Irrespective of cause or rationality, high household/farm and offshore debts create risk that creditors are sensitive to. Creditors, offshore or domestic, are particularly concerned about debt reaching levels that raises the possibility of widespread default through insolvency. While individuals can face financial pressures with few wider ramifications, it is only when many individuals are under financial stress that there are risks to the economy as a whole and so to creditors.

Insolvency can occur for a number of reasons. Some can be New Zealand-specific problems due to imprudent intermediation. Alternatively, insolvency can be due to global developments. Unhedged offshore creditors would also be concerned about the level of the exchange rate, which would likely fall as insolvency threatens and thus reducing their investment returns.

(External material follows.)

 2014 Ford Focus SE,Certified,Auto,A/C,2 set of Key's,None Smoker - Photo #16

Indeed, significant creditor concern could precipitate financial crisis, if it were to lead to a rapid withdrawal of financial support. Given the highly bank-intermediated nature of New Zealand's debt markets, creditor concerns about default would therefore mainly reflect a judgement about the solvency of New Zealand's banking system, and its ability to continue to access funding in an uncertain global funding environment. Because the solvency of the banking system is so integrated with the property market, this judgement is in essence then a view about the prospects for New Zealand's property market, and ultimately the ability of property owners to service property debt.

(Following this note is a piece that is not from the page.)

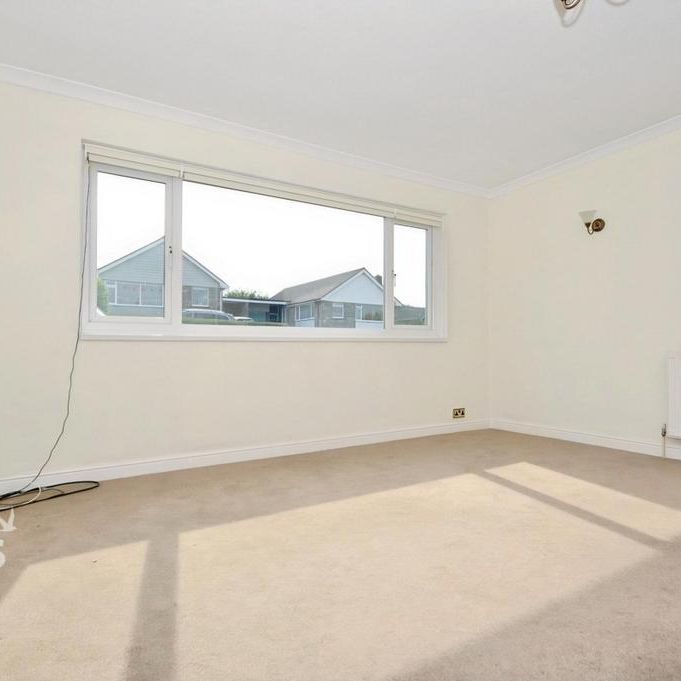3 bedroom detached bungalow to rent - Photo 1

4.2.1  Factors contributing to resilience

While New Zealand has high offshore debt and high household/farm indebtedness, there are a number of factors that diminish the risk of financial crisis. This may help explain why New Zealand did not suffer the same degree of difficulties that other countries faced with similar imbalances during the GFC.

First, there is no obvious limit or “target” for the net international investment position. It depends on the quality of investment opportunities, the prudence of intermediation to fund them. Together, these factors impact on economic growth prospects and so future incomes to service debt. In addition, it depends on the saving decisions by New Zealanders, and the attitude of creditors to continue to support debtors in the belief that liabilities will be serviced at face value over the long run. All this suggests that a judgement about whether New Zealand's debt position is too high is not straightforward.

Quality of intermediation

Private sector borrowing intermediated by banks accounts for around 76% of New Zealand's net offshore debt. Apart from finance companies, which are relatively small in the overall context of New Zealand's intermediation activities, New Zealand's main financial lenders appear to have been relatively prudent. Evidence for this includes that bad debt provisions, while rising during the GFC, have remained relatively low compared to bank operating profits, and are now falling again. This is consistent with the “consenting adults” view.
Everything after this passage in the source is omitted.